Soucieux d’avoir une progéniture avec sa bien-aimée, Achille déclare qu’il s’est approché de sa belle-famille pour qu’elle l’aide à trouver une solution. Grande a été sa surprise, lorsque la tante de Micheline lui a confié que c’est plutôt sa famille qui les empêche d’avoir des enfants. Sa belle-tante lui aurait même conseillé de se séparer de son épouse pour sa sécurité. L’homme dit avoir convoqué également une assise avec sa famille dans leur domicile conjugal pour résoudre ce problème. Mais, contre toute attente, alors que tout le monde était déjà assis, Micheline est sortie et n’est revenue que le lendemain. Ce geste de mépris, Achille ne l’a jamais oublié. Le lendemain, dit-il, il a obtenu leur séparation de corps. «C’est depuis 2017 que nous ne vivons plus ensemble. Elle a tout porté dans la maison. À cause de cette séparation, j’ai perdu un grand poste de responsabilité à l’église. Je veux divorcer pour recommencer ma vie. Ma femme n’a plus besoin de moi. Elle a plusieurs boutiques. Elle vit bien pendant que moi je suis stressé.»
Citadine
Plutôt agitée tout au long du témoignage de son époux, Micheline n’a pas hésité à accuser sa belle-famille d’avoir détruit son mariage. «Ma belle-famille ne m’a jamais acceptée. Tout au long de notre relation, sa famille lui a donné deux femmes. Sa sœur a monté les coups pour qu’on me bastonne dans mon domicile. J’étais trop citadine à leur goût, et je ne pouvais pas faire les champs», a-t-elle confié. «Pourquoi une telle haine envers vous?», a interrogé le tribunal. La dame a déclaré que son calvaire a commencé en 2001 alors qu’ils habitaient encore chez la grand-mère d’Achille. Cette dernière, qui était habituée à gérer le salaire de son petit-fils, n’a pas supporté qu’une autre femme en prenne le contrôle. Pour ce qui est des enfants de son époux, Micheline a déclaré que lorsqu’Achille a successivement rencontré les deux femmes présentées par sa famille, elle s’est éloignée de lui. A son retour en 2005, elle dit s’être occupée des enfants qu’il a eus avec ces femmes-là. «Je l’ai toujours encouragé à encadrer ses enfants. La preuve, il a rejeté son premier fils, estimant que la mère de cette enfant avait été violée. C’est 15 ans plus tard, avec mon aide, qu’il a reconnu sa fille.»
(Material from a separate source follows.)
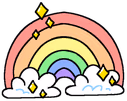 Rainbow emote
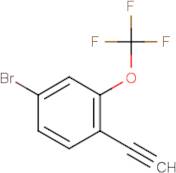 4-Bromo-2-(trifluoromethoxy)phenylacetylene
S’agissant des problèmes de fertilité du couple, Micheline a déclaré au tribunal que c’est son époux qui a les difficultés à féconder. Les examens médicaux ont révélé que ce dernier est atteint de l’aspermie, c’est-à dire qu’il a une insuffisance de sperme. «Mon époux a consommé les fortifiants pour satisfaire ses multiples conquêtes, raison pour laquelle il ne peut plus procréer. Il est également atteint des MST et autres. Après plusieurs traitements, rien n’a changé», a-t-elle déclaré. Micheline raconte enfin que c’est après la discussion qu’Achille a eue avec sa tante que tout a basculé dans son couple. Ce dernier lui a remis la somme de trois mille francs et lui a demandé de retourner dans sa famille. «J’ai refusé de partir. J’ai passé six mois sur le canapé. Il me chassait tous les jours. Il a même eu à me bastonner pour que je quitte sa maison. J’avais toujours espoir qu’on va se réconcilier», a-t-elle conclu son propos. L’affaire a été soumise à l’appréciation du ministère public.